The measurement and theoretical interpretation of circulations is often complicated by the abundance of eddies in the global ocean. However, when considering ocean pressure on the continental boundaries, the system of large-scale circulations can simplify drastically. As part of the OceanBound project, we demonstrate how this deliberately narrow view on the ocean can describe the fundamental aspects of ocean dynamics. Once the interpretative power of boundary pressures is established, we will present early results from an adjoint model (ECCO) to determine the remote and local physical processes which influence the boundary pressure signals. Adjoint models effectively run “backwards” as they relate ocean behaviours to physical causes in the past via automatic differentiation. If the final adjoint study can identify a manageable number of “control points” where specific forcing determines boundary pressures (therefore constraining global circulation) then this will help simplify conceptual models of the global ocean.

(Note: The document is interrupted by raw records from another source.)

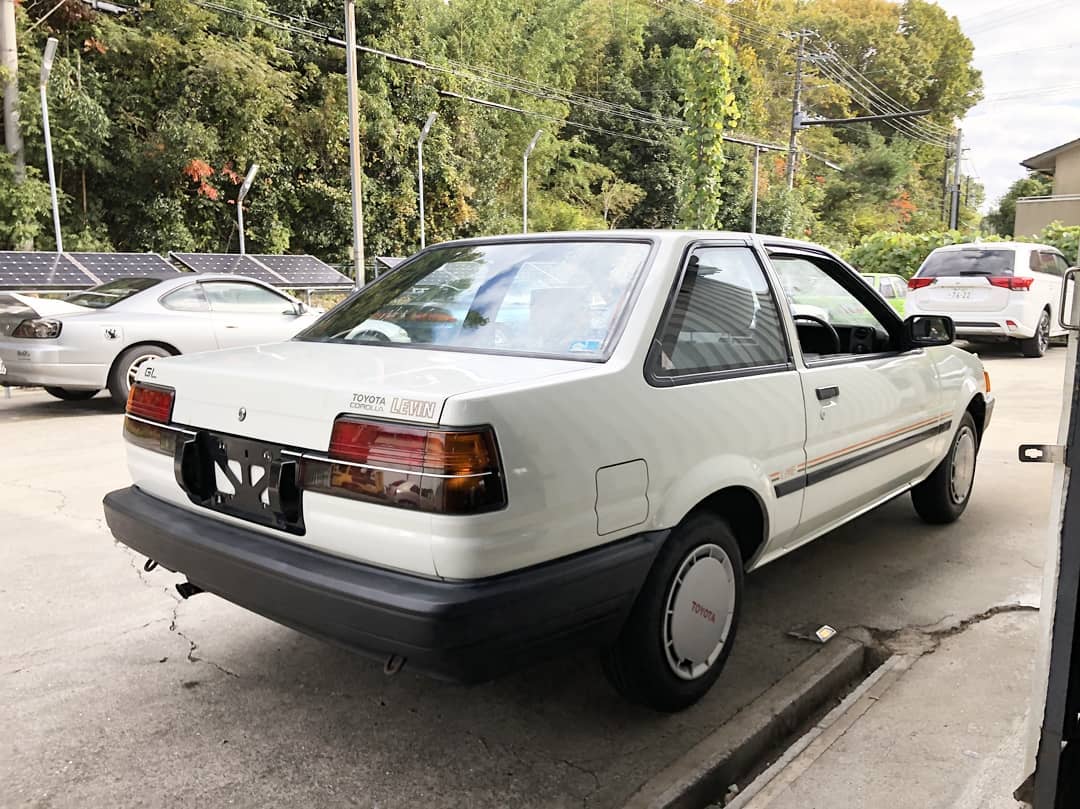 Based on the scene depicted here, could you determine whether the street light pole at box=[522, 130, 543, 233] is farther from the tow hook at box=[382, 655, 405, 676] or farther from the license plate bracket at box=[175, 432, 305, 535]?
the tow hook at box=[382, 655, 405, 676]

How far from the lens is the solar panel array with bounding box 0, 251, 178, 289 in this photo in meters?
11.5

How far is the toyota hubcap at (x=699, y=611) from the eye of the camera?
2.71 m

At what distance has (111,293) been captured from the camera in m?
9.01

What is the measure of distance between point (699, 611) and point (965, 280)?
38.4ft

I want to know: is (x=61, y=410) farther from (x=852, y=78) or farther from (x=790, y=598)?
(x=852, y=78)

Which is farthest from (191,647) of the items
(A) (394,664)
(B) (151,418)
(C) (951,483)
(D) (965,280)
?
(D) (965,280)

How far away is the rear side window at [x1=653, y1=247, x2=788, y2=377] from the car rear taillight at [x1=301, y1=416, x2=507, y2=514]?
746mm

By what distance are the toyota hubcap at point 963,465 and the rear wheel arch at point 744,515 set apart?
219 centimetres

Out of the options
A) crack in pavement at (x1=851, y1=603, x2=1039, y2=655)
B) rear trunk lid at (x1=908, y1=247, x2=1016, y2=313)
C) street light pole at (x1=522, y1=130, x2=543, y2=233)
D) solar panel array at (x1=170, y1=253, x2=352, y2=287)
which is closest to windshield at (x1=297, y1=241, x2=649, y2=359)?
crack in pavement at (x1=851, y1=603, x2=1039, y2=655)

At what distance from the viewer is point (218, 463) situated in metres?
2.62

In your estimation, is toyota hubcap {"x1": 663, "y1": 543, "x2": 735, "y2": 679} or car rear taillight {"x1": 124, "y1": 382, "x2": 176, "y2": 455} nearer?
toyota hubcap {"x1": 663, "y1": 543, "x2": 735, "y2": 679}

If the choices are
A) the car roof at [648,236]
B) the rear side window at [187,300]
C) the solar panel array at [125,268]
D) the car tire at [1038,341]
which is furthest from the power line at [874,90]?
the car roof at [648,236]

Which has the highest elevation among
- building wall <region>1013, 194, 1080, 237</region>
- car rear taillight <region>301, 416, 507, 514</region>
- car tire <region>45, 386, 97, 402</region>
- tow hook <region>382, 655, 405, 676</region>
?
building wall <region>1013, 194, 1080, 237</region>

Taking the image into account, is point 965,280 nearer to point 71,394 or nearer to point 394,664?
point 71,394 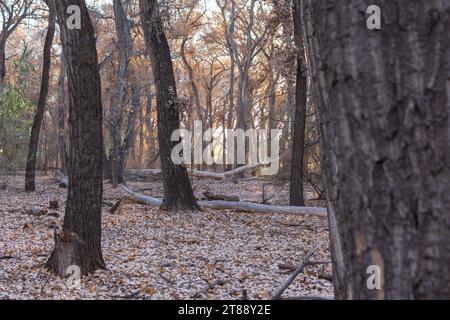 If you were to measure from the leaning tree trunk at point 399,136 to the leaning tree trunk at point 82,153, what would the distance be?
4163 millimetres

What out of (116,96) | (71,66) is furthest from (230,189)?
(71,66)

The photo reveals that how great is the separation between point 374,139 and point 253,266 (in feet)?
15.7

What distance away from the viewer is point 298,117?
11023mm

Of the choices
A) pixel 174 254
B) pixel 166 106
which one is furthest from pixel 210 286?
pixel 166 106

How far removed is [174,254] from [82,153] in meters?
2.03

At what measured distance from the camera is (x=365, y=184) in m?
1.47

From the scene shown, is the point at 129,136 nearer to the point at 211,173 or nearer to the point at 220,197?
the point at 211,173

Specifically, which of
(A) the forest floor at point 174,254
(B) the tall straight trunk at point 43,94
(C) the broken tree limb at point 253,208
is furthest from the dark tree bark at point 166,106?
(B) the tall straight trunk at point 43,94

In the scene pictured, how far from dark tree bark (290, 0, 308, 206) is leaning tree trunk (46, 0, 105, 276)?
6337 millimetres

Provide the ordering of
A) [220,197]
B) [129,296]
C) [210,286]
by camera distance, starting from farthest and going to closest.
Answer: [220,197] < [210,286] < [129,296]

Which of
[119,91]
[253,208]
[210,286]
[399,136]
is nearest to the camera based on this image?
[399,136]

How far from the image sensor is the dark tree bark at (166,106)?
9.89 meters

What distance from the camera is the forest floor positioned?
15.9 ft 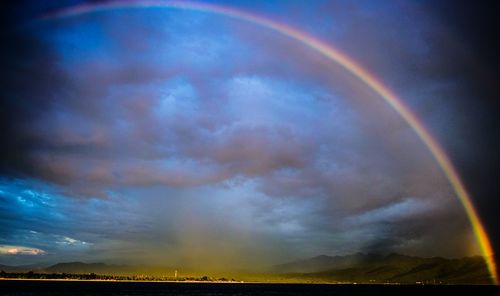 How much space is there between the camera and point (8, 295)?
142 metres

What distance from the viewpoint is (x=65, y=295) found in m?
161

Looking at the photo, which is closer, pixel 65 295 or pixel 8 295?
pixel 8 295

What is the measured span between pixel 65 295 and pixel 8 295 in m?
22.3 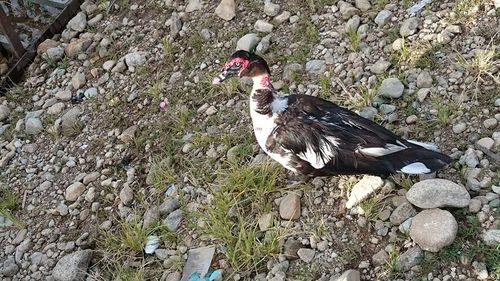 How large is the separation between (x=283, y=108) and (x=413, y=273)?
118 centimetres

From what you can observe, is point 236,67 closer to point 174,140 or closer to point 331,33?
point 174,140

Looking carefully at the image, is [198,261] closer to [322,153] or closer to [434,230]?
[322,153]

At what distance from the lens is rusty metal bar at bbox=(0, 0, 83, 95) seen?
536 centimetres

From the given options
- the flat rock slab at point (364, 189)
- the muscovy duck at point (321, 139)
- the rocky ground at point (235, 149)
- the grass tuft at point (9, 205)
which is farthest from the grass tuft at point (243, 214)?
the grass tuft at point (9, 205)

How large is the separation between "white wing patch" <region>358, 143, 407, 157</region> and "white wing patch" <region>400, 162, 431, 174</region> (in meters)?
0.12

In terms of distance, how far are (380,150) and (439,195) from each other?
40 cm

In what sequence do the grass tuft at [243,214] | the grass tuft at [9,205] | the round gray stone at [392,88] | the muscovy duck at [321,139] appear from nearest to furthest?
the muscovy duck at [321,139], the grass tuft at [243,214], the round gray stone at [392,88], the grass tuft at [9,205]

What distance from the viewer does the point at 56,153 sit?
15.3 feet

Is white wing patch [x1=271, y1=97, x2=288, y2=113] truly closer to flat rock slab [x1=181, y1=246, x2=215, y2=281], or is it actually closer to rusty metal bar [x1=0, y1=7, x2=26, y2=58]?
flat rock slab [x1=181, y1=246, x2=215, y2=281]

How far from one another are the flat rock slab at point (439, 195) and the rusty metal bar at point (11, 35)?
149 inches

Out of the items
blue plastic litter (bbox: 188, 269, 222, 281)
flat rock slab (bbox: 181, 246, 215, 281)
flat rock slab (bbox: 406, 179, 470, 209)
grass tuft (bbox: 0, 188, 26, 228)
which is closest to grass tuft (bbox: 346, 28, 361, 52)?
flat rock slab (bbox: 406, 179, 470, 209)

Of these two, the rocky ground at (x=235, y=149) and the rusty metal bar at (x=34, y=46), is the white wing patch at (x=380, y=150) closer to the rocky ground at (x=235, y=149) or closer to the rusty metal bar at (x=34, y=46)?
the rocky ground at (x=235, y=149)

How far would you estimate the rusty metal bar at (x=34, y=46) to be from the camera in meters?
5.36

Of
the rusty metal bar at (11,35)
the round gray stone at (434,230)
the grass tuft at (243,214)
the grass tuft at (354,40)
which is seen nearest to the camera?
the round gray stone at (434,230) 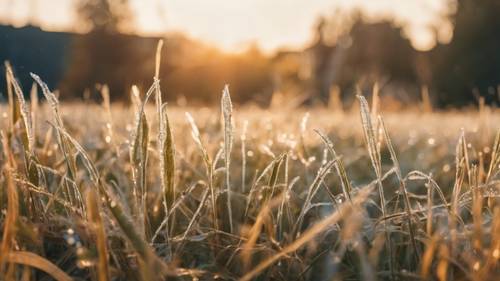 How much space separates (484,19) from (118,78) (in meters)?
12.9

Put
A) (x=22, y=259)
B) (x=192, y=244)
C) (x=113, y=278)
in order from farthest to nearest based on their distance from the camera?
1. (x=192, y=244)
2. (x=113, y=278)
3. (x=22, y=259)

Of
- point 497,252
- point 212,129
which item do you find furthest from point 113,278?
point 212,129

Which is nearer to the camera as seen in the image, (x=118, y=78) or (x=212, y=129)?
(x=212, y=129)

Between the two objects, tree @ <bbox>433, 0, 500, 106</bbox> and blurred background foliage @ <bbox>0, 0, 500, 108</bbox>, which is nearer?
blurred background foliage @ <bbox>0, 0, 500, 108</bbox>

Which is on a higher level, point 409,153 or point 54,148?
point 54,148

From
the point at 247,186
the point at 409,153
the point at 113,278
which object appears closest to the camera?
the point at 113,278

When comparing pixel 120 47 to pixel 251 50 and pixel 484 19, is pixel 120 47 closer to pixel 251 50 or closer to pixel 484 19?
pixel 251 50

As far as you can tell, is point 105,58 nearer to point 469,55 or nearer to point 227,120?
point 469,55

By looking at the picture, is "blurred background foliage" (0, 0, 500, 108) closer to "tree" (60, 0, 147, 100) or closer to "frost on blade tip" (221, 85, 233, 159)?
"tree" (60, 0, 147, 100)

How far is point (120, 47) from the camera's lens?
73.0 feet

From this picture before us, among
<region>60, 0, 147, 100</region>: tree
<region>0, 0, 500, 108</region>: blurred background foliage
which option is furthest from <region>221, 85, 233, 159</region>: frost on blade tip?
<region>60, 0, 147, 100</region>: tree

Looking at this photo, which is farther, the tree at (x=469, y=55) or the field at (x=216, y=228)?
the tree at (x=469, y=55)

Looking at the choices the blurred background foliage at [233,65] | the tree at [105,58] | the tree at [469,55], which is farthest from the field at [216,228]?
the tree at [105,58]

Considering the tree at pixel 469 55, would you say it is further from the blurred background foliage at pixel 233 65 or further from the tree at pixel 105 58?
the tree at pixel 105 58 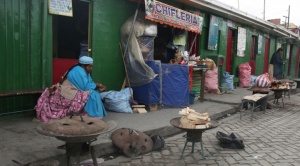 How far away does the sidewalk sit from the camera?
4192mm

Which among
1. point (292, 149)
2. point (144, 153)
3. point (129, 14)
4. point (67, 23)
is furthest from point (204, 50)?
point (144, 153)

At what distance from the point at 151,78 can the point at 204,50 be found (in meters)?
5.21

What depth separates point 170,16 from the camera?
26.9 feet

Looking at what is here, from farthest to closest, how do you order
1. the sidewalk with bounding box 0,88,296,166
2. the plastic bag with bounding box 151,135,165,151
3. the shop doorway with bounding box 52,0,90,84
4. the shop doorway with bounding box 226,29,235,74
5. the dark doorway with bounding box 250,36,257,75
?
the dark doorway with bounding box 250,36,257,75, the shop doorway with bounding box 226,29,235,74, the shop doorway with bounding box 52,0,90,84, the plastic bag with bounding box 151,135,165,151, the sidewalk with bounding box 0,88,296,166

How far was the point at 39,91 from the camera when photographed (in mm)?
6059

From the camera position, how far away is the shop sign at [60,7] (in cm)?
635

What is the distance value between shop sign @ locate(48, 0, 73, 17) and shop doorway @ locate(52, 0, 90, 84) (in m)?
0.37

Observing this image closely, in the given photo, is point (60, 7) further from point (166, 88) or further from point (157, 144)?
point (157, 144)

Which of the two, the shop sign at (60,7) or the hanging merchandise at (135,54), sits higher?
the shop sign at (60,7)

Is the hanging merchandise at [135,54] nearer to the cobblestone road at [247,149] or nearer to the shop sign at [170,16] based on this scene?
the shop sign at [170,16]

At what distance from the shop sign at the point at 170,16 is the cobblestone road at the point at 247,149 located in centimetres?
304

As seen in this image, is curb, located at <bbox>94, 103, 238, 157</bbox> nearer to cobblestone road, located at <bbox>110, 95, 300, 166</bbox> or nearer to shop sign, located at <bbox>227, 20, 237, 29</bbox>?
cobblestone road, located at <bbox>110, 95, 300, 166</bbox>

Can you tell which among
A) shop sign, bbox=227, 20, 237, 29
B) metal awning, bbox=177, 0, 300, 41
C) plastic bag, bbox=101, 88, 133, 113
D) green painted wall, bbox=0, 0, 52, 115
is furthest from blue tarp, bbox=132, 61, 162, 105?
shop sign, bbox=227, 20, 237, 29

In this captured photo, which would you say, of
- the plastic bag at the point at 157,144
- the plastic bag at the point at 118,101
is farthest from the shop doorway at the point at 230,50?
the plastic bag at the point at 157,144
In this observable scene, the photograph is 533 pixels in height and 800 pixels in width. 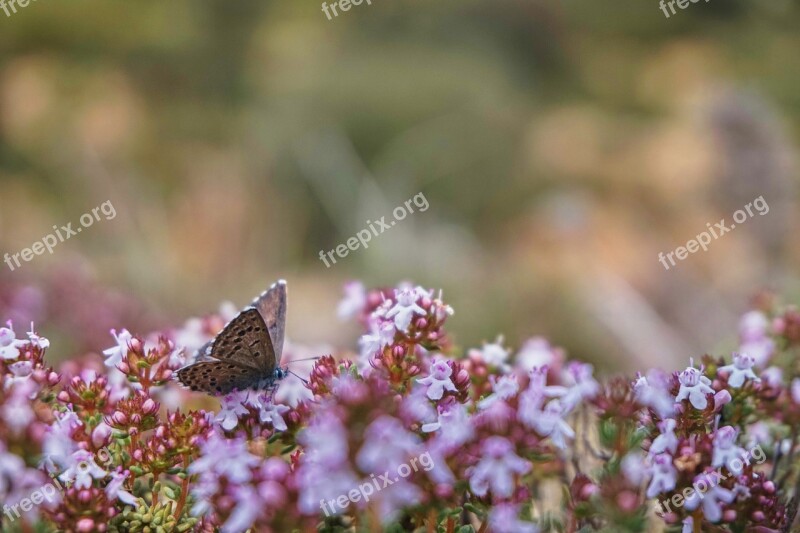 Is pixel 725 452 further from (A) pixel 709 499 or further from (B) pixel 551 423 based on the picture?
(B) pixel 551 423

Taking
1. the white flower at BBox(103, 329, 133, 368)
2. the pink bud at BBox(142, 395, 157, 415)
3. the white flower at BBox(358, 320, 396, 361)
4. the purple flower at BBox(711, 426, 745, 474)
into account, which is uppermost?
the white flower at BBox(103, 329, 133, 368)

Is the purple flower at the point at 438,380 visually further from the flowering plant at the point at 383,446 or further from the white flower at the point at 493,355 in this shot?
the white flower at the point at 493,355

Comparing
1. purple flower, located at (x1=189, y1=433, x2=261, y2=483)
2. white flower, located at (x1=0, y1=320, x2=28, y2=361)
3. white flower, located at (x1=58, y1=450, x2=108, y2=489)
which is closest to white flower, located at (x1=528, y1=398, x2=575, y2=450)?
purple flower, located at (x1=189, y1=433, x2=261, y2=483)

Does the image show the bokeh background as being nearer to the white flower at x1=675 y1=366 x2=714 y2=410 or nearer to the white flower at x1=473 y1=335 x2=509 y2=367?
the white flower at x1=473 y1=335 x2=509 y2=367

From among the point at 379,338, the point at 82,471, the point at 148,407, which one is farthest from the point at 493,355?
the point at 82,471

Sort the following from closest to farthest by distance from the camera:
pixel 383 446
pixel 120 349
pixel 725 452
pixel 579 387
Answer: pixel 383 446
pixel 725 452
pixel 579 387
pixel 120 349

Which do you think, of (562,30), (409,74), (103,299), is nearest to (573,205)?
(409,74) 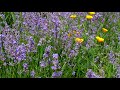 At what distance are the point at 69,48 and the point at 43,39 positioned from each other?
233mm

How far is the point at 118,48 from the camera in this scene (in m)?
2.94

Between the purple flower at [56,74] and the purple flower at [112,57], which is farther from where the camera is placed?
the purple flower at [112,57]

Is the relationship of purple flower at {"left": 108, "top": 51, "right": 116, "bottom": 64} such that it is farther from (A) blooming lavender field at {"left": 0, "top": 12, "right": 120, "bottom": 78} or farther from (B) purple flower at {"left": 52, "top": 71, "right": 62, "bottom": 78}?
(B) purple flower at {"left": 52, "top": 71, "right": 62, "bottom": 78}

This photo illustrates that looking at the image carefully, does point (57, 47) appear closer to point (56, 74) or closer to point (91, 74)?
point (56, 74)

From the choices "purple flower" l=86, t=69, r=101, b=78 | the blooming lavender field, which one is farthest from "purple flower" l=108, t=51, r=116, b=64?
"purple flower" l=86, t=69, r=101, b=78

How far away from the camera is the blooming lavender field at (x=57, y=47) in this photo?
8.75 feet

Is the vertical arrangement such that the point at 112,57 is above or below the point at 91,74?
above

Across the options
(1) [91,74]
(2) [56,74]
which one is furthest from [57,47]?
(1) [91,74]

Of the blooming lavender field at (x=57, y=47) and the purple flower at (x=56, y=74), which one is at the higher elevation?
the blooming lavender field at (x=57, y=47)

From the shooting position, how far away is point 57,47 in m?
2.88

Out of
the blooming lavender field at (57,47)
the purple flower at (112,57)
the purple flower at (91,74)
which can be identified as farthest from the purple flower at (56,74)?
the purple flower at (112,57)

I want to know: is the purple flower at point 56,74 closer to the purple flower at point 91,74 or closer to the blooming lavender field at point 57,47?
the blooming lavender field at point 57,47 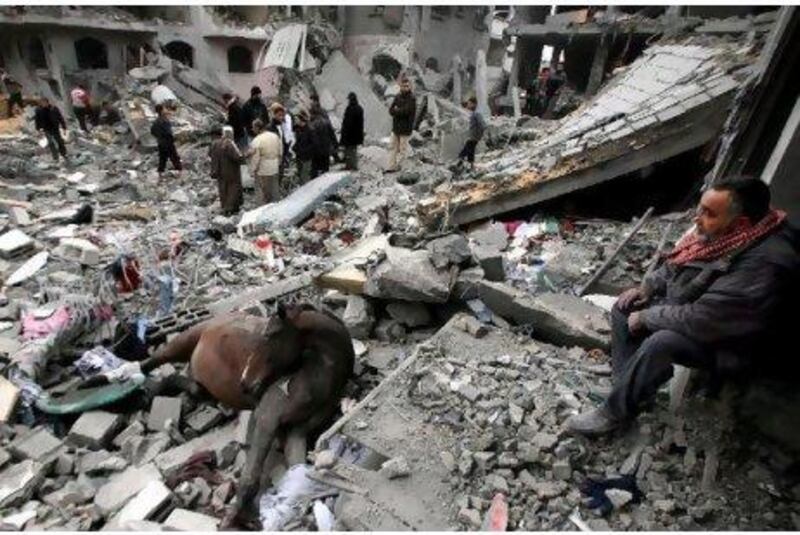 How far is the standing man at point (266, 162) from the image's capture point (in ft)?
30.9

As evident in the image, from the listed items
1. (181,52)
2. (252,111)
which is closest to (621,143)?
(252,111)

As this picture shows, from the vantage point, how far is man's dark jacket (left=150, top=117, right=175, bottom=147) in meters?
11.3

Such a result would highlight the essential ocean processes for climate projections and produce a core vocabulary for interpreting ocean dynamics.

How to cite: Styles, A., Boland, E., and Hughes, C.: Ocean boundary pressures: Its significance and sensitivities, EGU General Assembly 2024, Vienna, Austria, 14–19 Apr 2024, EGU24-4119, https://doi.org/10.5194/egusphere-egu24-4119, 2024.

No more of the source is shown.